This week has been very busy strimming paths and pulling ragwort, but I’ve managed to still devote some time to trying out my new sweep net and seeing what’s out and about at Fishlake Meadows and Blashford Lakes.
Day 15: Delivering some more butterfly transect training at Fishlake Meadows, despite the sunny and warm weather we unfortunately didn’t see many butterflies at all. It did seem there was a bit of a quiet period between the early butterflies finishing and the later ones hadn’t quite made it out yet. Luckily, now there are lots of butterflies on the wing again. After the training I tried out the new sweep net and caught lots of different interesting insects, including this yellow and black longhorn beetle, which is also its name!

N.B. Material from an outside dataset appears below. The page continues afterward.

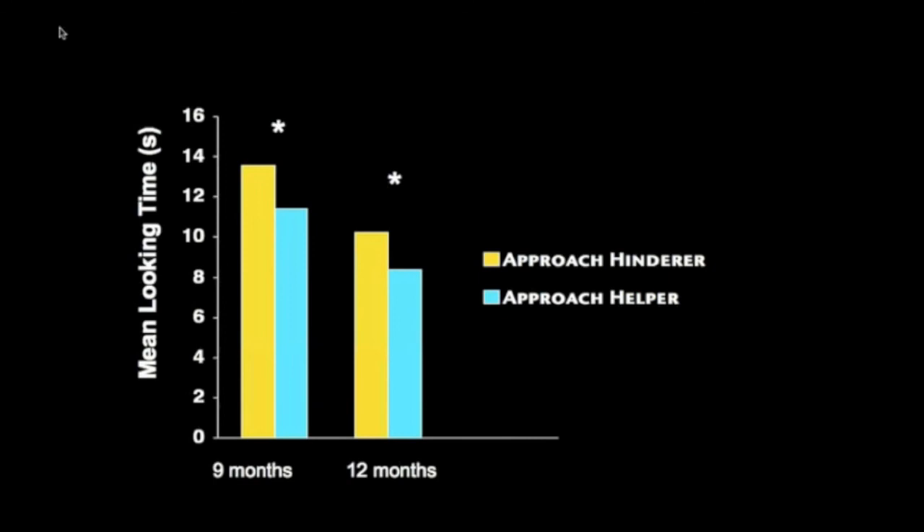This brilliant graduate student, Kylie Hamlin, joined Cameron's lab and said, you know, you're asking a very complicated question. There's a simpler, but maybe more interesting question you could ask, which is what do babies themselves think of the characters? What do they think of the good guy and the bad guy? So to study this, we moved away from a looking method and towards a reaching method so babies could indicate their preferences.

Day 16 & 17: I was off over the weekend and was particularly busy so called upon a couple of sightings from Blashford Lakes when I was there on the 14th. Firstly this dense patch of biting stonecrop with its lovely star shaped flowers. It also has a very strong peppery taste, there seems to be a lot of it about at Blashford at the moment. At the end of the day I joined Bob to have a look through the moth trap and was treated to many hawk-moths, all looking beautiful. Here is just one of the pictures I took, an elephant hawk-moth and an eyed hawk-moth.

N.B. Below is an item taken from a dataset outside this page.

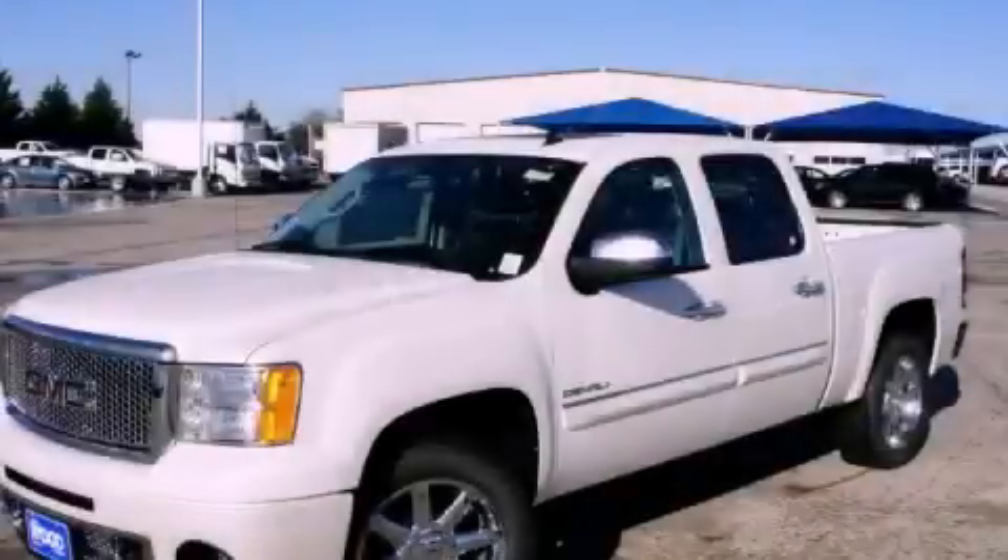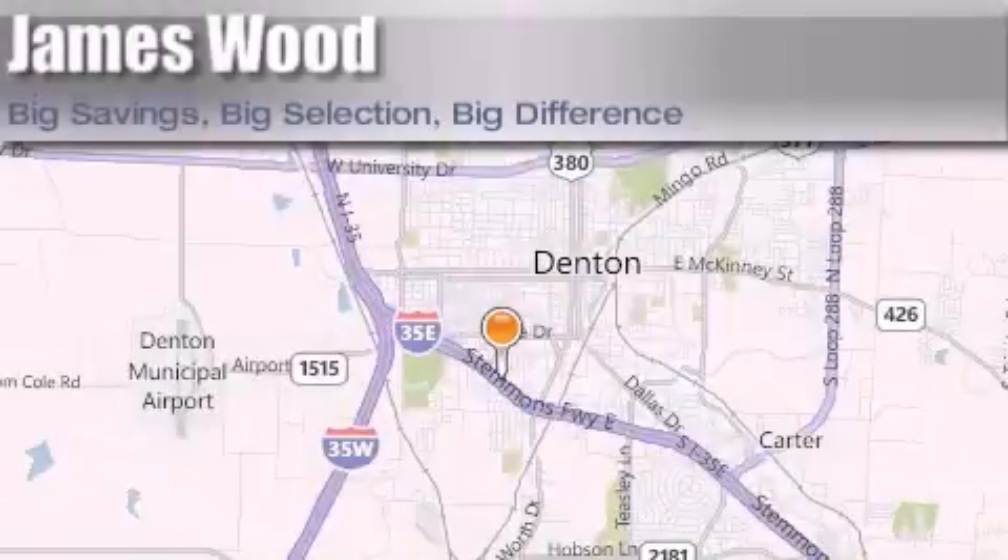Contact us today to arrange your test drive. James Wood Auto Park is located at 3906 Interstate 35E South in Denton. Our goal is to exceed all of your expectations to ensure that you'll return for future visits.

Day 18: I took the time to have a look around my garden after work and was pleased to see that I finally had a poppy growing through after seeing so man across the road for such a long time. I also noticed some selfheal coming in to flower that I don’t think I had seen in the garden last year.
Day 19: I was at Blashford Lakes again, pulling ragwort along the shore of Ibsley Lake. It was a very hot and humid day so the volunteers and I made sure to take it slowly and spent plenty of time admiring the insects and flowers around us. There also seemed to be a bit of a mass emergence of marbled white butterflies, they are such attractive butterflies. I was only able to get 1 photo that was particularly poor, but the ox-eye daisies look lovely. Hope you can spot the marbled white!

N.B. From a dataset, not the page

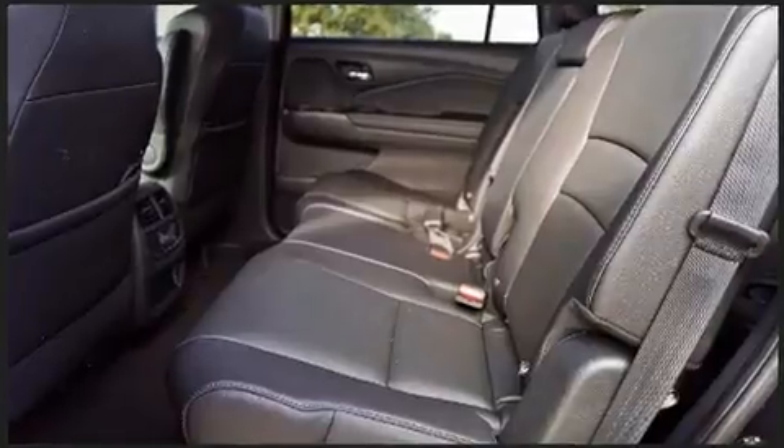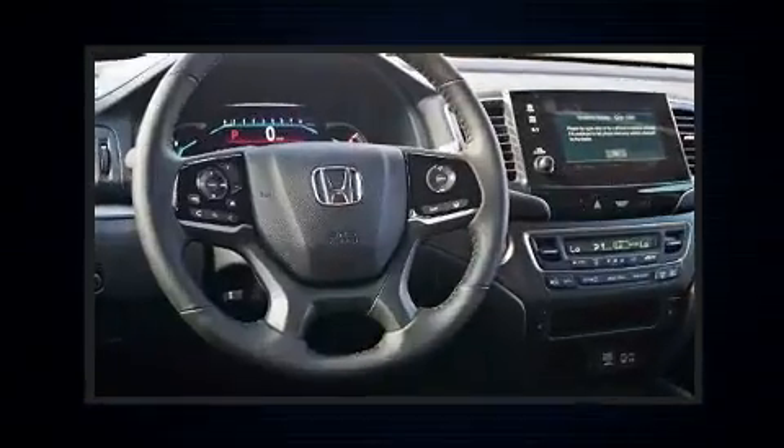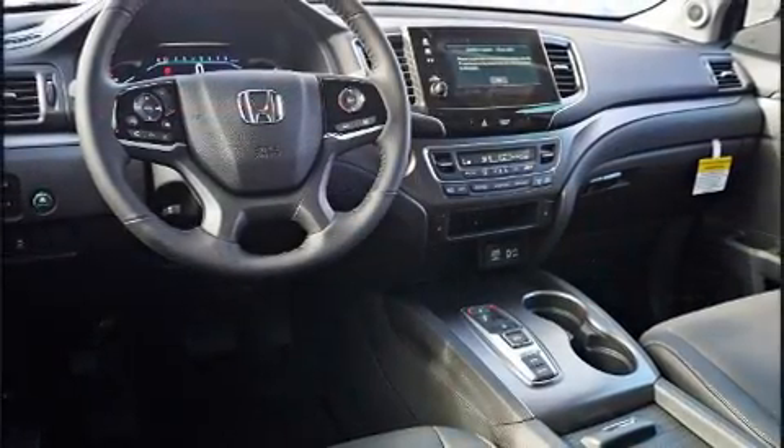Audio features include an AM-FM radio, steering wheel-mounted audio controls, and seven speakers, enhancing the audio experience throughout the interior.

Day 20: Today I was at Fishlake Meadows having a walk around with past colleagues from my previous job at Hampshire County Council. We saw lots of sedge warblers, reed buntings and even a female cuckoo who probably won’t be around much longer. I took the chance to take a photo of some yellow loosestrife that poses nicely at the side of the East/West path. Whilst pausing to look at it we managed to see a male and female loosestrife bee.
Day 21: A really hot sunny day at Blashford Lakes with the Thursday volunteers, we were raking up grass that Bob had cut earlier in the week. As we worked along the paths I saw lots of different wild flowers, so decided to highlight some of the different ones there. In order of the photos below; there was St John’s Wort, I have to confess I didn’t investigate it closely enough to see what species it was. There was also agrimony, with its delicate yellow flowers arranged in a spike. Followed by another yellow flowering plant with jazzy purple hairs on the stamens, dark mullein is another beautiful plant. Finally a mallow with its candy floss pink flowers and delicate cut leaves, I’m fairly sure this is a musk mallow.
Next week (this week really as I’m a bit late with this blog) I will be getting Fishlake Meadows ready for cows coming on, with the volunteers at Blashford and In an all staff meeting. I then have a day off, with the last 2 days of the month on holiday in the Forest of Dean. I’m sure I will still find lots of wild things to report back on.